Vương Thị Huyền

Personal information
- Born: 22 June 1992 (age 34) Hanoi, Vietnam

Sport
- Country: Vietnam
- Sport: Weightlifting

Medal record
Women's weightlifting
Representing Vietnam
Southeast Asian Games
| Gold medal – first place | 2019 Philippines | 45 kg |
Asian Indoor and Martial Arts Games
| Bronze medal – third place | 2017 Ashgabat | 48 kg |
IWF World Cup
| Gold medal – first place | 2019 Fuzhou | 45 kg |
| Bronze medal – third place | 2020 Rome | 49 kg |

= Vương Thị Huyền =

Vietnamese weightlifter (born 1992)

Vương Thị Huyền (born 22 June 1992) is a Vietnamese weightlifter.
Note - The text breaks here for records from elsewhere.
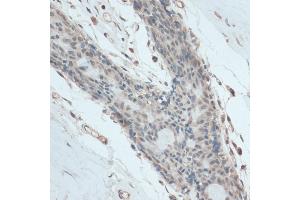 Immunohistochemistry of paraffin-embedded human breast using antibody (ABIN6130837, ABIN6140958, ABIN6140959 and ABIN6214740) at dilution of 1:100 (40x lens). (GAPDHS antibody  (AA 179-408))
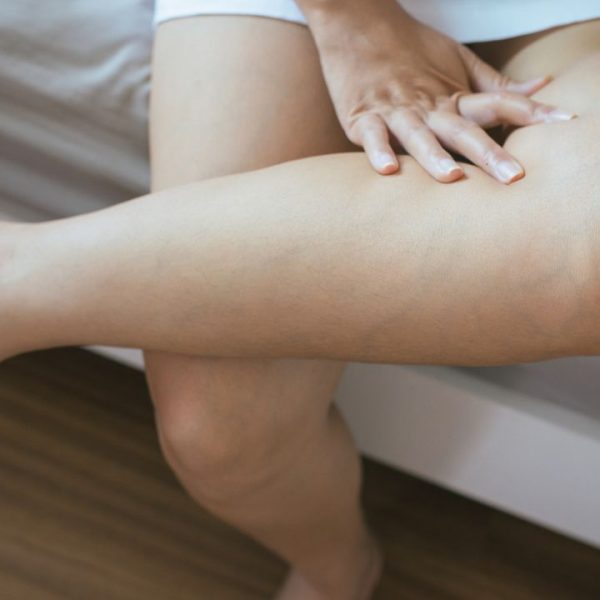 Cirurgião vascular alerta sobre riscos para as doenças circulatórias e orienta cuidados simples para evitar varizes e inchaços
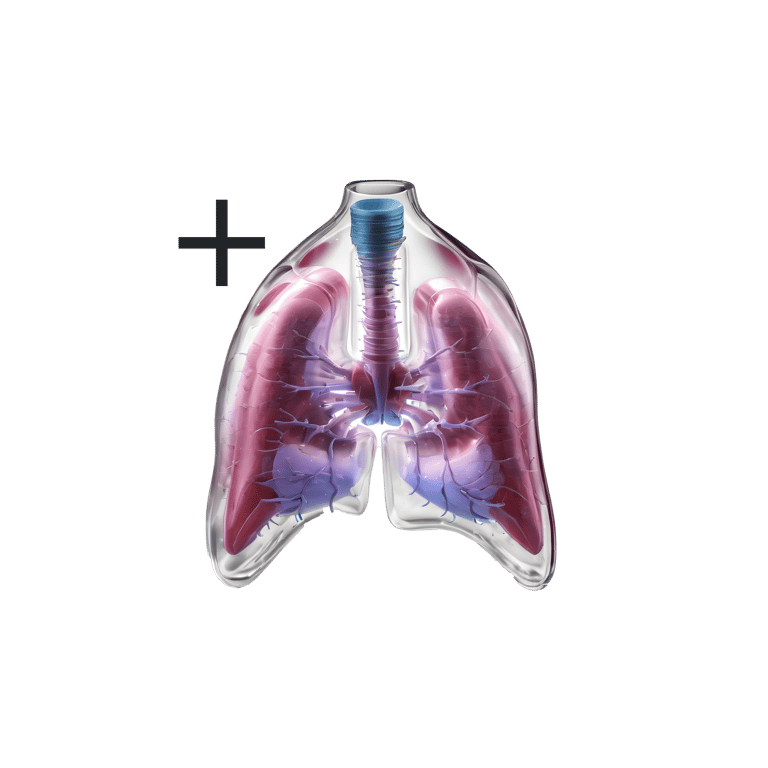 Tyreoglobulin antikroppar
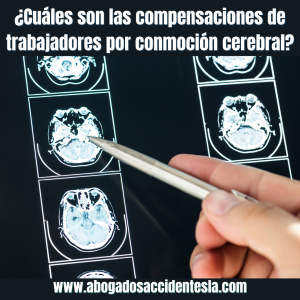 compensación-conmoción-cerebral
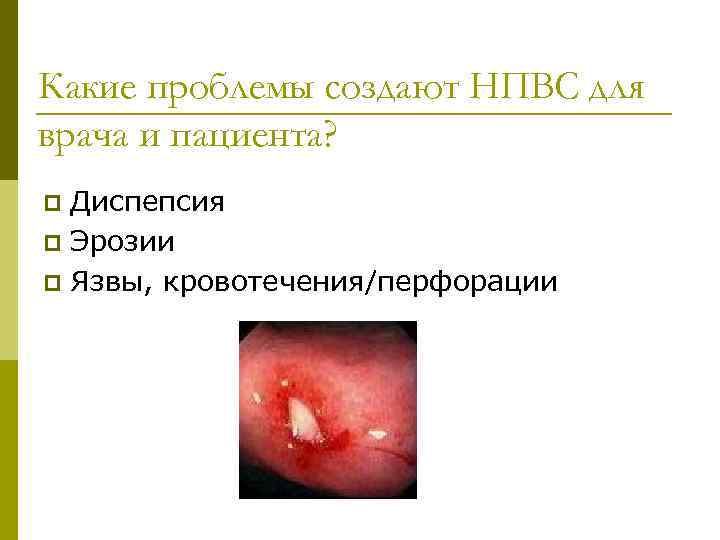 Какие проблемы создают НПВС для врача и пациента? Диспепсия p Эрозии p Язвы, кровотечения/перфорации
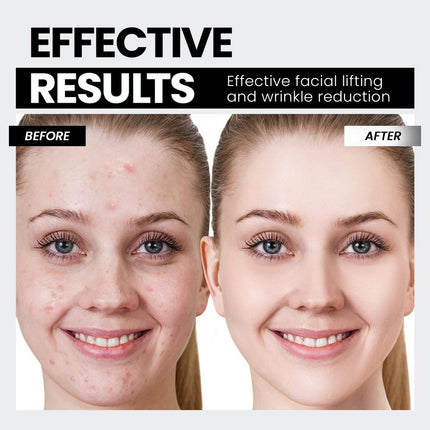 Microcurrent Facial Device,Latest Red Light Technology,Enhances The Ability to Lift The Face and Tighten The Skin,Facial Wrinkle Equipment,Smart Photon Micro-Current Device - White - Size 15cm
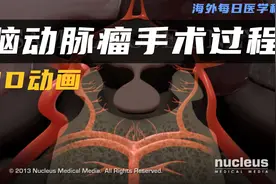 【3D动画】什么是脑动脉瘤，自然破裂后会会有怎样的症状视频封面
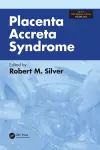 Placenta Accreta Syndrome cover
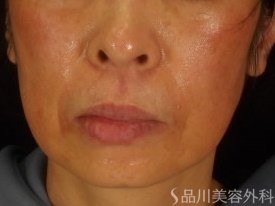 症例NO.72732のBEFORE写真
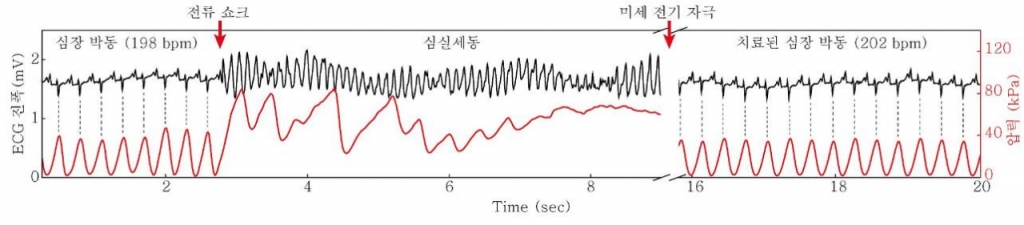 기초과학연구원(IBS) 연구팀이 개발한 전자패치의 전임상시험 그래프. / 사진제공=기초과학연구원(IBS)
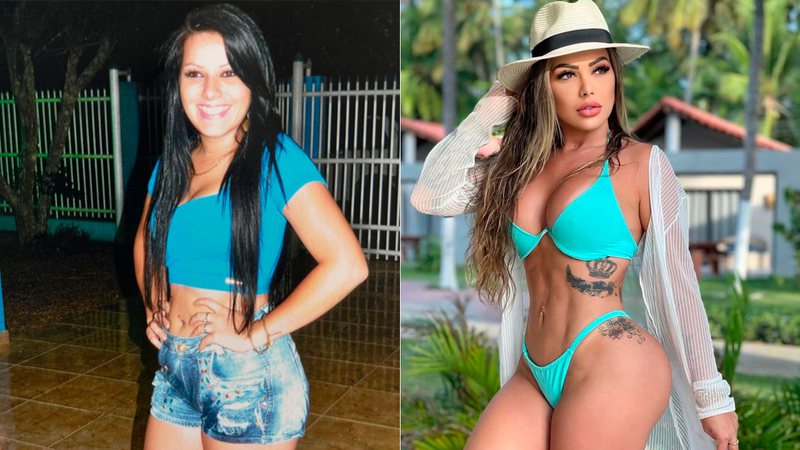 Jéssica Juliane antes e depois de gastar R$ 300 mil em 12 cirurgias plásticas - Foto: Arquivo pessoal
In 2016, she represented Vietnam at the 2016 Summer Olympics held in Rio de Janeiro, Brazil in the women's 48 kg event. She did not finish as she failed to register a successful result in the Snatch event.

In 2018, she competed in the women's 48 kg event at the Asian Games held in Jakarta, Indonesia. She finished in 4th place.

In 2020, she won the bronze medal in the women's 49 kg event at the Roma 2020 World Cup in Rome, Italy. In 2021, she finished in 5th place in the women's 49 kg event at the 2020 Asian Weightlifting Championships held in Tashkent, Uzbekistan.